Preliminary evidence suggest that natto may help lower blood pressure, possibly due to inhibition of angiotensin converting enzyme (ACE) inhibition (Okamoto, Plant Foods Hum Nutr 1995). A study in men and women with untreated high systolic blood pressure (130 to 159 mmHg) found that one capsule containing 2,000 FU nattokinase taken daily for 8 weeks reduced systolic and diastolic blood pressure, by 5.55 mmHg and 2.84 mmHg, respectively, compared to placebo (Kim, Hypertens Res 2008). In another study, noted in the section above, taking 4,000 FU of nattokinase lead to a slight decline (-3.73 mm Hg) in systolic blood pressure but not diastolic blood pressure (Hsia, Nutr Res 2009).
Nattokinase has been shown in the laboratory to help break down amyloid-beta fibrils (the accumulation of which, in the brain, is associated with Alzheimer's disease) (Hsu, J Agric Food Chem). However, there are no studies on the effects of nattokinase supplementation in people with Alzheimer's disease, or studies on its effects on cognitive function or memory.
See the Concerns and Cautions section for more about the risk of bleeding and lowered blood pressure with nattokinase.
Quality Concerns and What CL Tested for:
Neither the Food and Drug Administration (FDA) nor any other federal or state agency routinely tests supplements for quality prior to sale.
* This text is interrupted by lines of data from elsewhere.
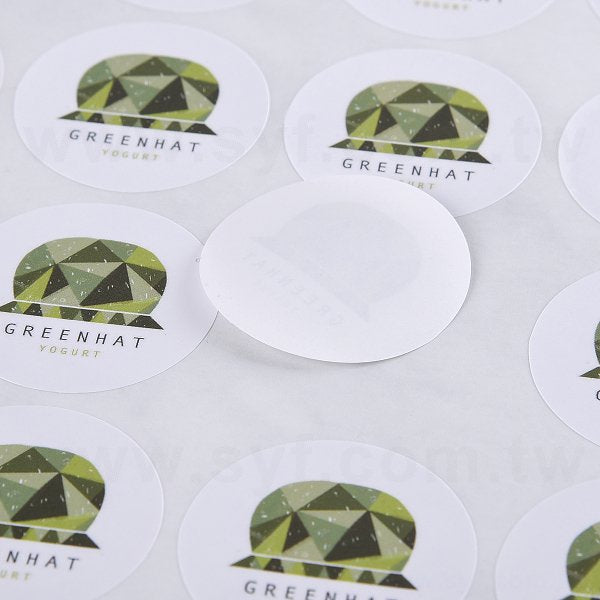 圓形超黏銅版貼紙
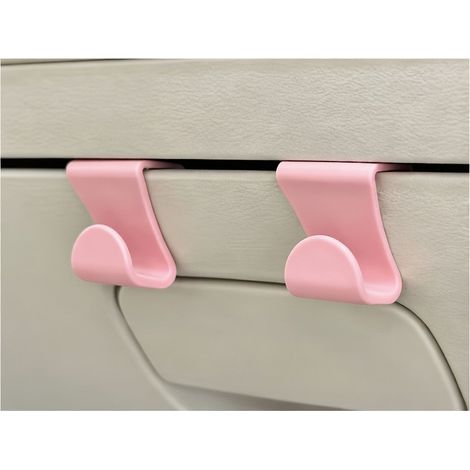 Gancho multifunción para interior de coche - rosa (1/5)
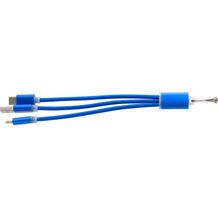 USB-Aufladekabel aus Aluminium Alvin (kobaltblau) (Art.-Nr. CA756559)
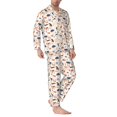 thumbnail image 2 of Balery South American Animals Pijama para Hombre de Dos Piezas con Manga Larga, Conjunto de Dormir y Descanso Suave con Bolsillos-Small, 2 of 7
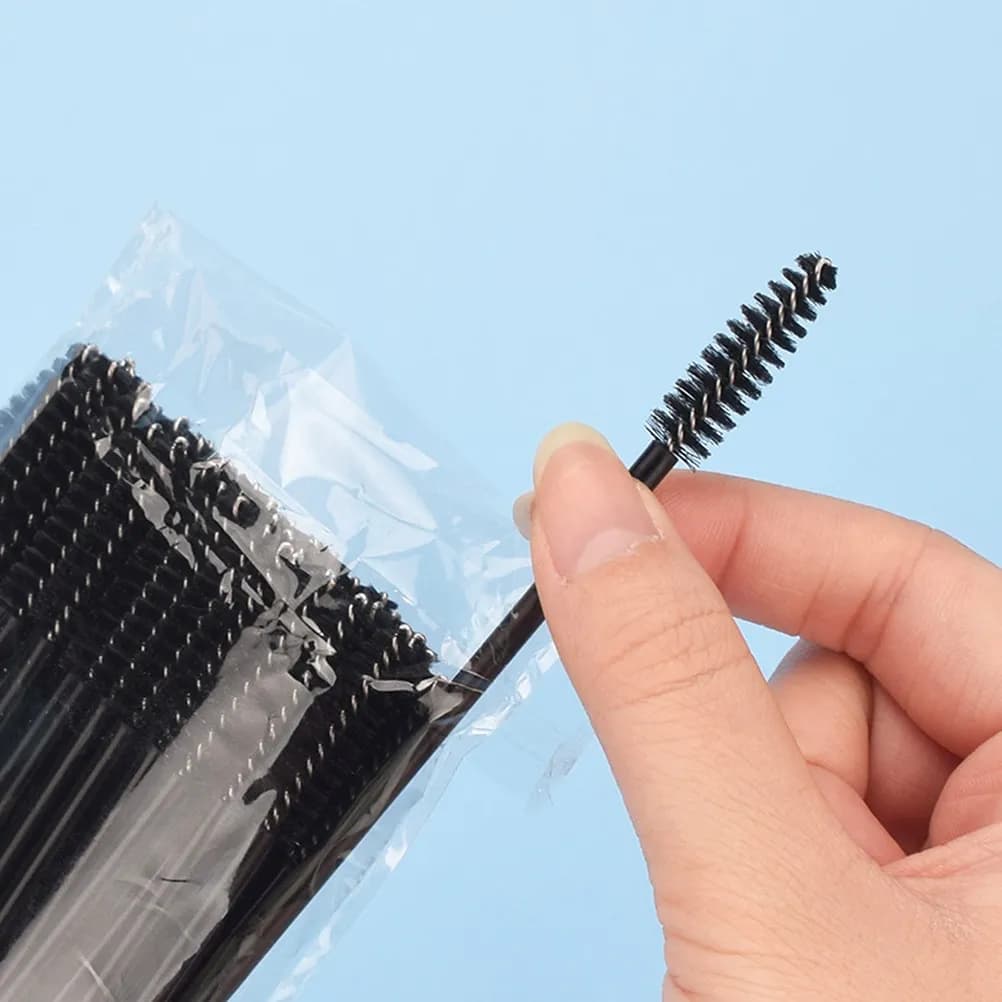 50 Brushes Disposable for Eyelashes, Mascara and Eyebrow Applications, for Extension Eyelashes, Cleaning Eyelashes, Eyebrow Care, Portals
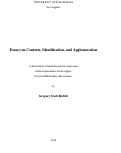 Cover page: Essays on Contests, Identification and Agglomeration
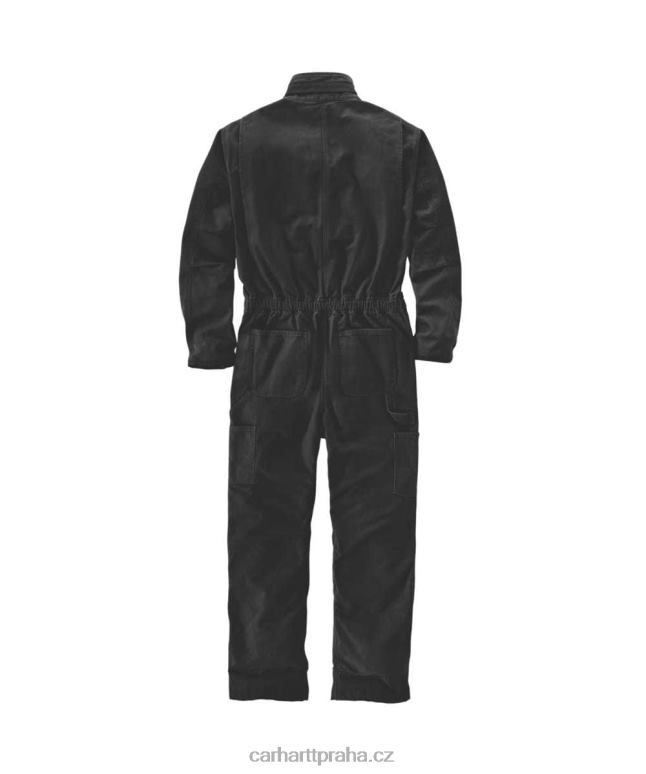 muži zateplená kombinéza sepraná kachna volného střihu Carhartt 8BL8V76 Černá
In order to help consumers identify products of better quality, ConsumerLab.com purchased and tested nattokinase supplements to determine whether they possessed their labeled amount of enzyme activity. As the FDA only requires supplements to list the amounts of enzyme ingredients, for products listing only amounts and not enzyme activity, activity levels were determined by ConsumerLab.com. Tablets were tested for their ability to properly break apart (disintegrate) in solution.